On day one, after being asked what it means to be a boy or a girl, students watch a CBC Kids video titled Gender Explained, in which they learn that it’s possible to be born with a penis but feel like a girl on the inside. After being assured that feeling like a girl on the inside has nothing to do with liking pink or stereotypical "girl" things, the children are told that it’s all about how you feel and who you know yourself to be. 

Next comes another video, this time a read-aloud of Who Are You? - The Kid’s Guide to Gender Identity. From this, Canadian children, many of whom still believe in Santa and the Tooth Fairy, are told that grown-ups simply guess a baby’s sex at birth, and are introduced to terms like cisgender, genderqueer, non-binary, bigender, and neutrois.

Then Savoia takes the children back to their original answers of what makes someone a boy or a girl, to see if their answers have changed.

On Tuesday, the trans activist educator recommends kicking things off with reading I Am Jazz, a children’s book about reality TV star Jazz Jennings who was socially transitioned as a young child, put on puberty blockers and cross-sex hormones as an adolescent and then had vaginoplasty at age 18. Jennings’ surgeon has stated that Jennings had never orgasmed prior to the surgery, and was unlikely to afterwards, and that the surgery was especially complicated because Jennings had never gone through puberty so there was very little penile tissue to work with. Jennings experienced serious complications post-op and now suffers from an eating disorder. Savoia doesn’t appear to have included any of this important information in her lesson plan.

Following I Am Jazz, the students watch another video about a so-called transgender child.

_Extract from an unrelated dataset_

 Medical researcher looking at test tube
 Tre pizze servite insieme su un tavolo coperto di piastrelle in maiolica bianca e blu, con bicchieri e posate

After being told in Monday’s class that being transgender is nothing to do with liking pink and girly things, now the students hear a completely contradictory story.

“I’m a girl in my head and my heart,” says Rebecca, the male child who is the star of My Trans Life. ” I felt like I was a girl because I liked the color pink, and I liked girl clothes and how they wear their hair and stuff.” Rebecca’s mother described how Rebecca will take puberty blockers and cross-sex hormones to go through a female puberty.

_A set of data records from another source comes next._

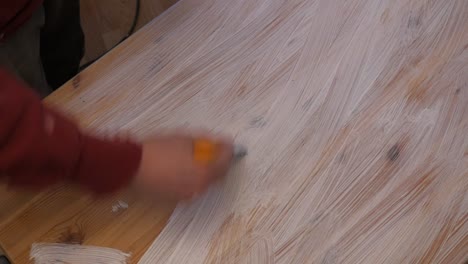 Worker-paints-wooden-table-with-white-color-with-brush-from-the-paint-bucket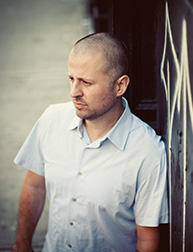 A photo of a man wearing a white shirt.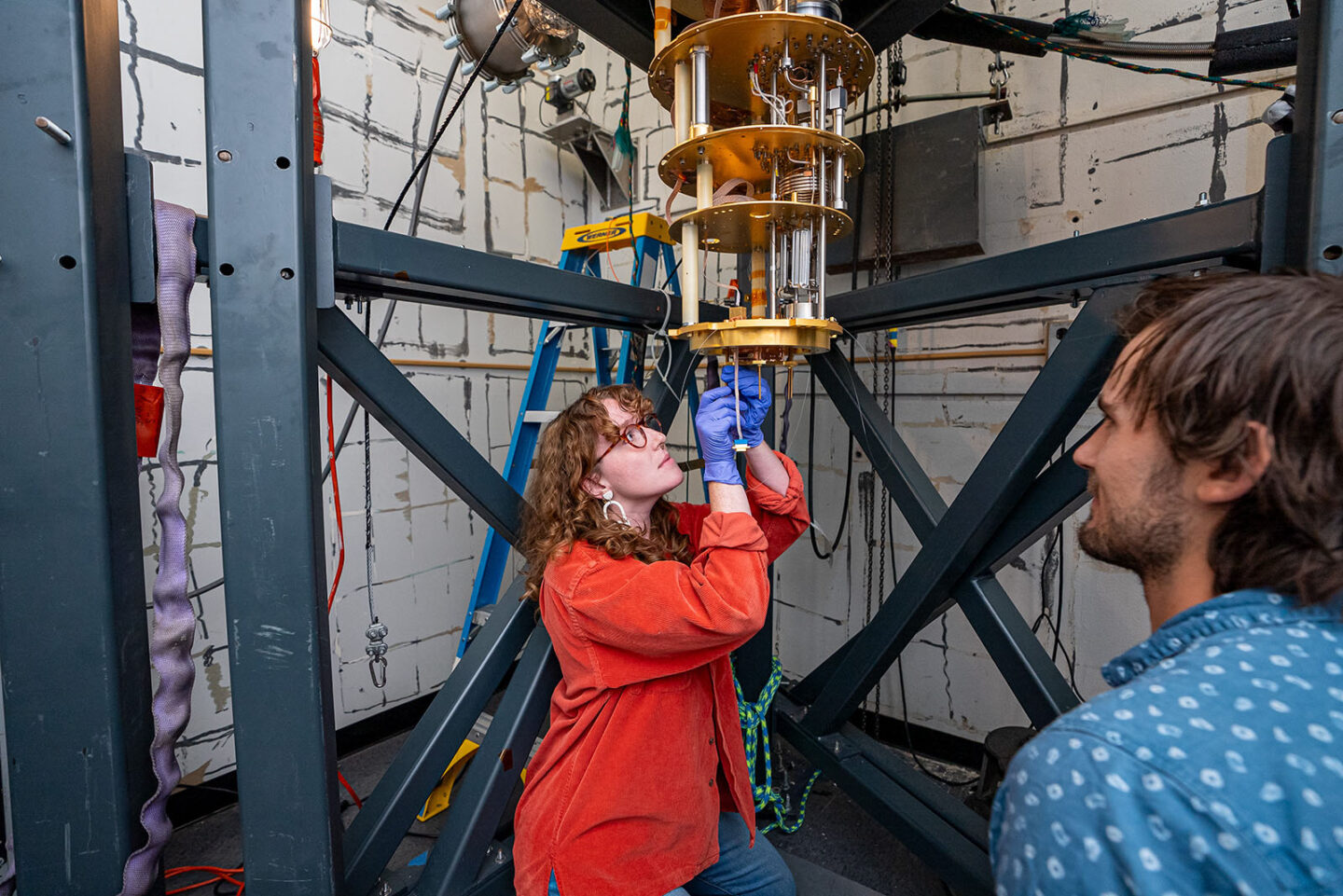 One researcher wearing purple gloves works on TESSERACT's dilution refrigerator, as another researcher watches.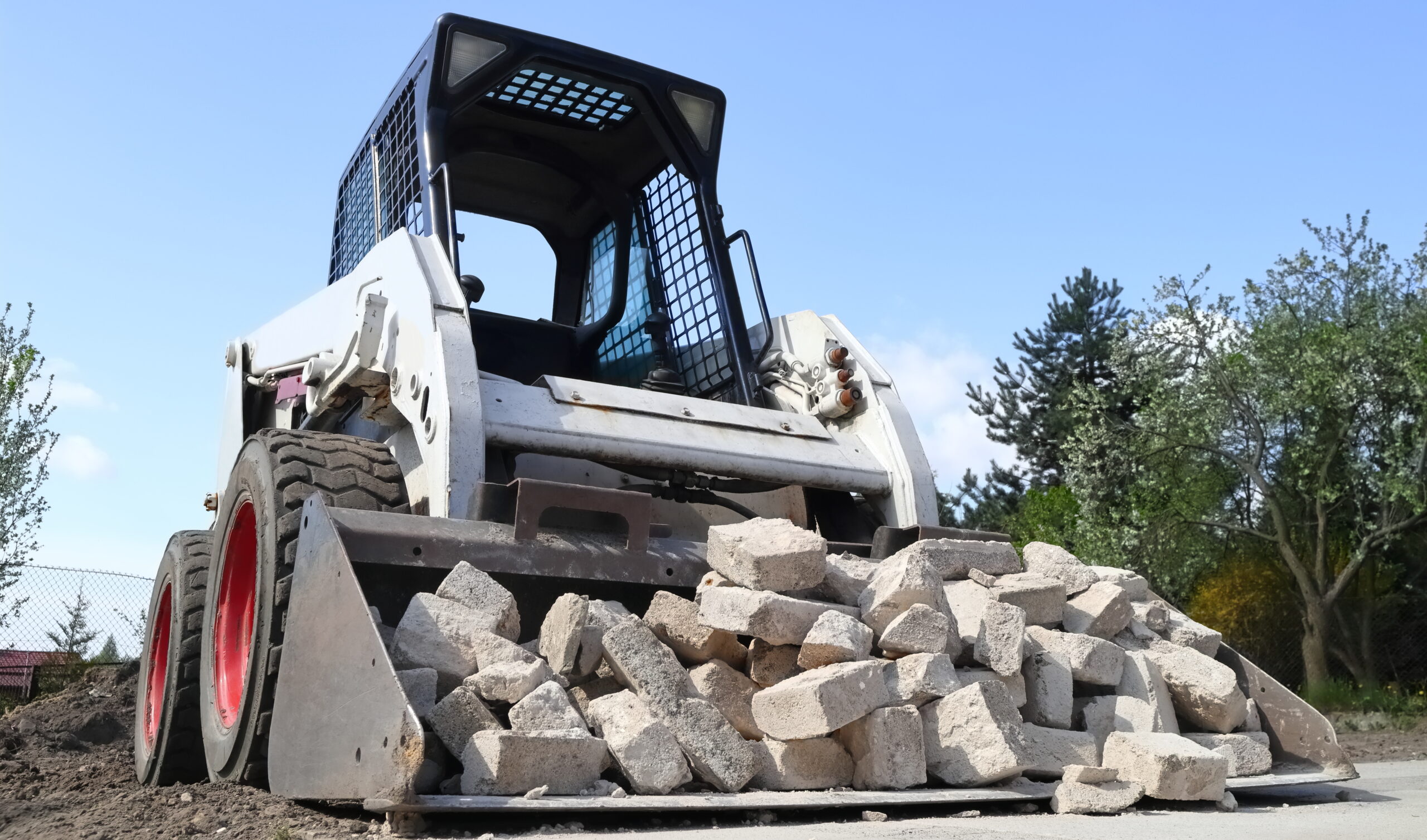 Skid steer loader for construction site with loading bucket filled with bricks.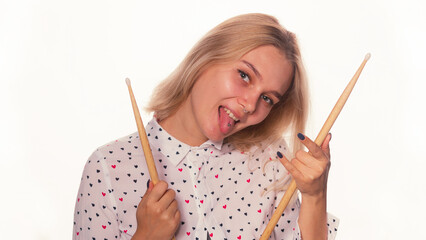 Rock and roll music concept. Young woman face with piercing shows her tongue and and holds...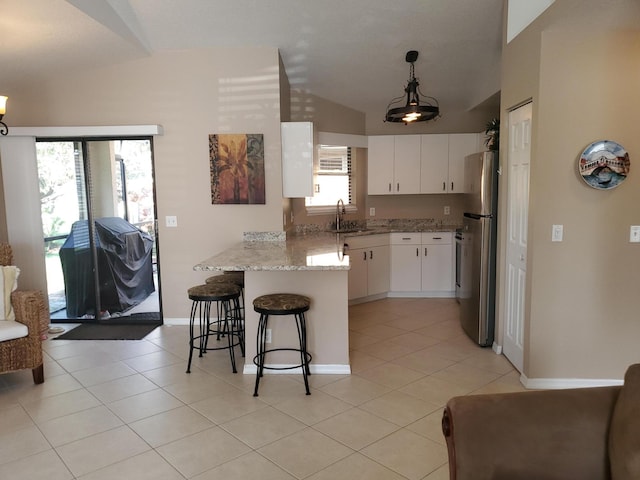 2831 Stoneway Ln Unit C, Fort Pierce, FL 34982 - kitchen featuring vaulted ceiling, a peninsula, freestanding refrigerator, light tile patterned flooring, and a sink
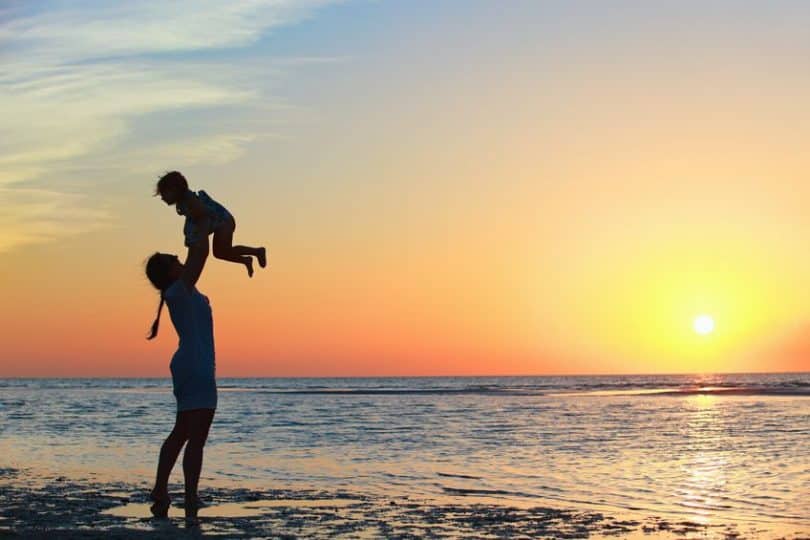 Mãe levantando filho na beira da praia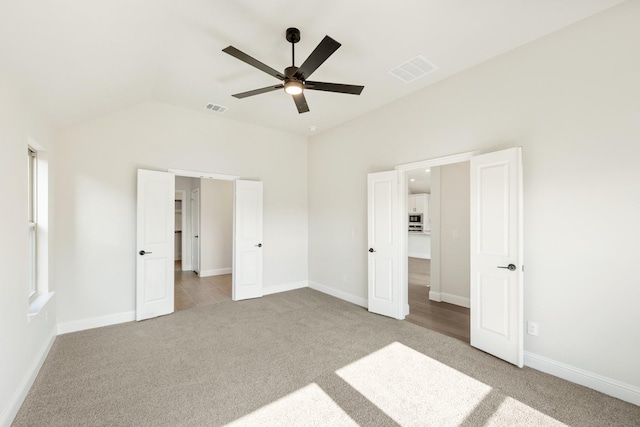 unfurnished bedroom with ceiling fan, light colored carpet, and vaulted ceiling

Also part of the day’s lesson is a slide that tells children being transgender means “being born in the wrong body,” or being born one sex but having the heart and mind of the opposite sex. The Gender Unicorn also makes an appearance with its sliding scales of male/female, man/woman, and students learn that there are over 54 gender pronouns.

On Wednesday children learn the history of the Pride flag, and on Thursday get a lesson from none other than Jeffrey Marsh about what it means to be kind. After being asked to “be extra nice” to adults like Marsh, the students are asked to come up with a minimum of 10 ways to be a good ally to trans and gender-diverse peoples.

Then on Friday, students will observe a minute’s silence for all of the transgender people murdered as a result of transphobia, and then make a pledge, to what we do not know.

None of this is part of the official Ontario sex-ed curriculum but is instead a teachable moment. Such moments allow teachers free rein to teach whatever they like with regard to gender. Earlier this year, an Ontario Human Rights Tribunal heard a discrimination complaint brought by Pamela Buffone, the mother of a girl who had been told by her Ottawa-Carleton District School Board teacher that there’s no such thing as boys or girls. This was also a teachable moment, and part of the remedy that Buffone had been seeking was that guardrails be put around the teaching of gender so that young children aren’t exposed to ideas that confuse them about the reality of their bodies. The tribunal however ruled that no discrimination had occurred and that no guardrails were necessary.